For those who are working, the covered wage ceiling will increase from the 1982 figure of $32,400 to a new maximum for 1983 of $35,700.

The Social Security tax rate of 6.7 percent each for employe and employer does not change. But for anyone who earned over the $32,400 ceiling in 1982 and expects to exceed the 1983 ceiling as well, Social Security tax will increase to $2,391.90 this year--$221.10 more than the 1982 ceiling of $2,170.80.

The new earnings ceiling also applies to the self-employed. Here, too, last year's tax rate of 9.35 percent remains unchanged. But the higher maximum means an increase in top self-employment tax from $3,029.40 to a new high of $3,337.95.

For retired people drawing Social Security benefits, the new year brings with it new and higher earnings limits. Starting this year a person who is 70 or older can earn any amount without affecting Social Security benefits. This provision is not "annualized"; that is, if you reach age 70 in 1983 the unlimited earnings rule does not apply to the entire year, but only starts with the month of your birthday.

Those who are 65 or older but under 70 may earn up to $6,600 a year without loss of Social Security benefits. The 1982 limit was $6,000. And the earnings ceiling increased from $4,440 last year to $4,920 for beneficiaries under the age of 65.

Speaking of Social Security, several alert readers pointed out a minor error I made in the Nov. 8 column about the need to pay Social Security tax for domestic employes.
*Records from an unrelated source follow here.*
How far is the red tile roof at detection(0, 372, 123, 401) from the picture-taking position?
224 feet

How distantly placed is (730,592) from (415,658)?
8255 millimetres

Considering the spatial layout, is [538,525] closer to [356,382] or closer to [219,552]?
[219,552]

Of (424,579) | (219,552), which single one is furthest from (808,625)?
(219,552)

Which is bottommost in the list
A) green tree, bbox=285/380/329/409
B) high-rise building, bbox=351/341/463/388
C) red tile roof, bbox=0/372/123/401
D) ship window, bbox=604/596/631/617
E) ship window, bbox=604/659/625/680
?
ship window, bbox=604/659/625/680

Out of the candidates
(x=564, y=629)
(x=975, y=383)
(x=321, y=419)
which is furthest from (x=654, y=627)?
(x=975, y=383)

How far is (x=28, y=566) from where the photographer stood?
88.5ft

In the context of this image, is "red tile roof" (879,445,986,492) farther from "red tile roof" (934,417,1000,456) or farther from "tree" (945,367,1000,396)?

The quarterly report on Form 942 no longer requires names of employes for whom Social Security tax is being reported, but only the total wages paid and tax withheld. Names, Social Security numbers and dollar totals for the year are required only on the annual report.

The new year also brought with it a tax change important to all of you who are receiving regular pension or annuity payments.
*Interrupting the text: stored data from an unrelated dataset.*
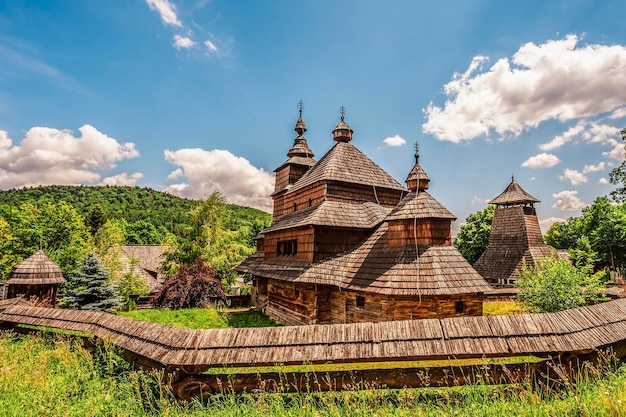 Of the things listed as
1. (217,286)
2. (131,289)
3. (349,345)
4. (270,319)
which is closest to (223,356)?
(349,345)

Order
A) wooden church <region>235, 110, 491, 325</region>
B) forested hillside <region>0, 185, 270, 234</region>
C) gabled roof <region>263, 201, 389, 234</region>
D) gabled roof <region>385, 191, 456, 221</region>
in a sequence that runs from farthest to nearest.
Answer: forested hillside <region>0, 185, 270, 234</region> → gabled roof <region>263, 201, 389, 234</region> → gabled roof <region>385, 191, 456, 221</region> → wooden church <region>235, 110, 491, 325</region>

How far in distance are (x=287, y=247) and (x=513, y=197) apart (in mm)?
20786

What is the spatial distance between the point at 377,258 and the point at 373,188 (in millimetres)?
5722

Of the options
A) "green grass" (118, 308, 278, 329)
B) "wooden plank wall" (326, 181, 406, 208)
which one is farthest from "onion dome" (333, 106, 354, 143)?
"green grass" (118, 308, 278, 329)

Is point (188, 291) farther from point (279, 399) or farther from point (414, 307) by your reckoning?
point (279, 399)

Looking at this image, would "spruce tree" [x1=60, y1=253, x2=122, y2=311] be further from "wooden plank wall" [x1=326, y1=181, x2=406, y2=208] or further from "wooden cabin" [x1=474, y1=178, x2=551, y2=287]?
"wooden cabin" [x1=474, y1=178, x2=551, y2=287]

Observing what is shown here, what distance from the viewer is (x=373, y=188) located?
1761cm

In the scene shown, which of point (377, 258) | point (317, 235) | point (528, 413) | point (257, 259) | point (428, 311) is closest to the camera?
point (528, 413)

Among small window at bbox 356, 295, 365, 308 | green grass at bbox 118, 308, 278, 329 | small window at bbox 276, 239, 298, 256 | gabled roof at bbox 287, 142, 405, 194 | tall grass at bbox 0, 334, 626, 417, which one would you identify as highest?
gabled roof at bbox 287, 142, 405, 194

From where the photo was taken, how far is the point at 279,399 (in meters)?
4.01

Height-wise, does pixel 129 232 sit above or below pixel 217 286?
above

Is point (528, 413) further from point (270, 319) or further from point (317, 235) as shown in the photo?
point (270, 319)

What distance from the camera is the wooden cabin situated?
25.1 meters

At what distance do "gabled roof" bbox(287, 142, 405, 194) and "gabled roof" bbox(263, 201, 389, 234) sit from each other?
134 centimetres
The Tax Equity and Fiscal Responsibility Act of 1982 requires payers of a wide variety of taxable pensions and annuities to withhold income tax on such payments. Withholding is required on taxable distributions from pension, profit-sharing and stock ownership plans, IRA accounts and most commercial annuities.

Anyone receiving taxable distributions from any of these sources may elect not to have tax withheld from his or her payments, for any reason.

If you were retired, you should have been notified of this option by the payer of your pension, who should also have provided you with both a withholding certificate and a form to elect the waiver.

Should you fail to file either the exemption request or the withholding certificate indicating your tax status, withholding will begin with the first payment made after Dec. 31, 1982, based on an assumed status as a married person with three exemptions.

Question: Could you tell me if income is realized, and when, if a savings and loan association settles for $7,000 its 30-year, 6 percent mortgage with a balance of $10,000 and six years to go?

Answer: The mortgagor realizes $3,000 of ordinary income on the date the $7,000 payment is made and the mortgage is canceled. Any interest paid in advance must be prorated for income tax purposes over the life of the loan, so one might think that the $3,000 could be spread over the remaining six years. But this is not interest--it is cancellation of a part of the principal. And since the mortgage is paid up, there is no remaining life for proration. So the whole thing is reported as "other income" in the year of the transaction.